Through research, the number of training samples, the number of layers of hidden layers and the number of nodes of neurons of hidden layers have great influence on the performance of the trained deep neural network prediction model. Generally, input variables are well selected in advance by researchers according to professional knowledge and rich experience, but in practical application, the selection of the input variables is difficult to determine in advance, the prediction performance of the model is reduced, and therefore, the optimization of the input independent variable parameters in the process of training the prediction model has important significance.

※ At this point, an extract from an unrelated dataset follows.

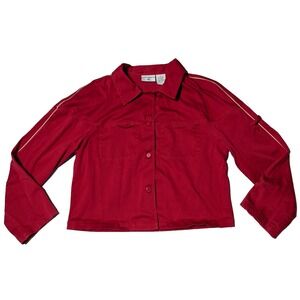 KATHY IRELAND Red Cotton Stretch Button-Up Jacket Women XL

The empirical mode decomposition algorithm can effectively decompose the capacity data into information with physical significance in a plurality of scales. After decomposition, the prediction was performed by different methods at 5 different starting electricity, and the average root mean square error of the prediction was 0.00096, which demonstrates the effectiveness of the method proposed herein.
Table 1 shows the absolute error and the root mean square error obtained by 5 different starting nodes in the method for predicting the service life of the lithium battery of the No. 5 battery provided by the present invention.
TABLE 15 result chart of battery prediction
Aiming at the problem of service life prediction of the lithium battery, the invention firstly carries out multi-scale decomposition on the capacity data based on an empirical mode decomposition algorithm, and multi-scale information obtained after decomposition is predicted by different methods, so that the lithium battery has excellent performance.
Different from the prior art, the method provided by the invention firstly carries out multi-scale decomposition on the dischargeable capacity by using empirical mode decomposition, then predicts the decomposed information by using different methods from transverse and longitudinal angles, and finally predicts the residual service life of the lithium battery. The method and the device can effectively predict the charge state of the battery, have better prediction efficiency and prediction precision, effectively judge the future working capacity, find problems in time and avoid unnecessary troubles and loss.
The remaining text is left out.